Every record below needs to be written out exactly, apart from the pictures.
*** Opening of Data for processing ***
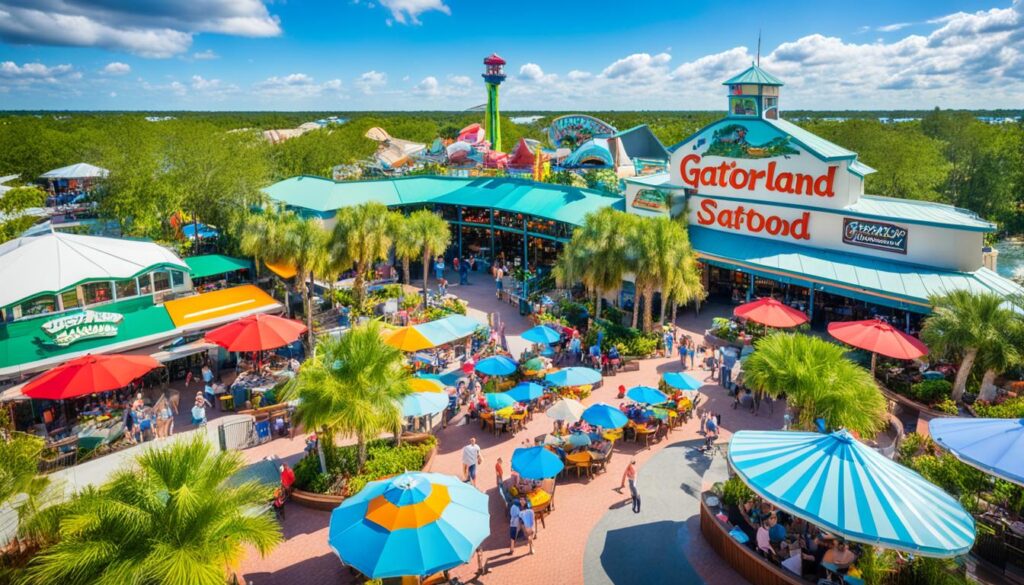 dining experiences near Orlando attractions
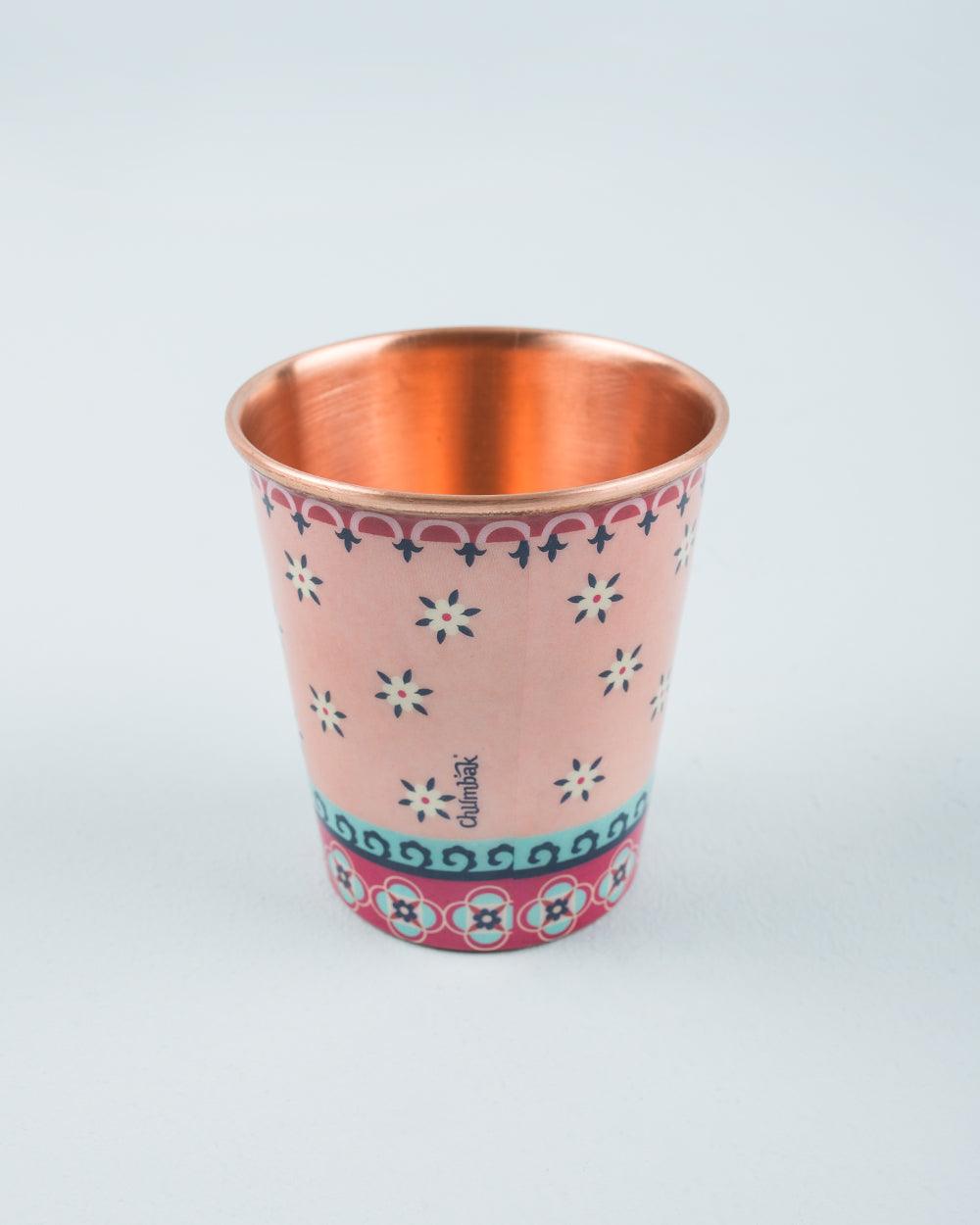 Chumbak Boho Cycle Copper Tumbler - Small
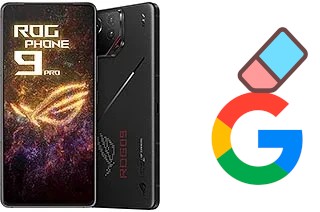 Como excluir a conta do Google em Asus ROG Phone 9 Pro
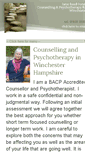 Mobile Screenshot of jrj-psychotherapy.com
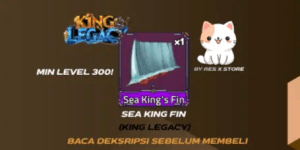 Sea King Fins ( King Legacy )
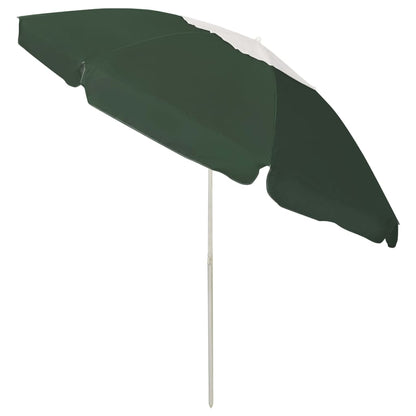 Beach Parasol Green 240 cm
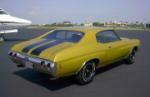 1971 CHEVROLET CHEVELLE SS 454 2 DOOR HARDTOP - Rear 3/4 - 71932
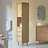 Jonàk Solid Wood Linen Cabinet-114412366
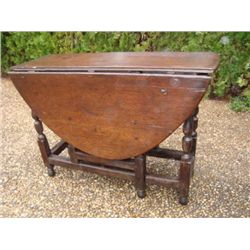 Antique Drop leaf table from Europe circa 1800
*** Close of Data for processing ***
*Task solution*:
 dining experiences near Orlando attractions
 Chumbak Boho Cycle Copper Tumbler - Small
 Como excluir a conta do Google em Asus ROG Phone 9 Pro
 Mobile Screenshot of jrj-psychotherapy.com
 Sea King Fins ( King Legacy )
 Beach Parasol Green 240 cm
 1971 CHEVROLET CHEVELLE SS 454 2 DOOR HARDTOP - Rear 3/4 - 71932
 Jonàk Solid Wood Linen Cabinet-114412366
 Antique Drop leaf table from Europe circa 1800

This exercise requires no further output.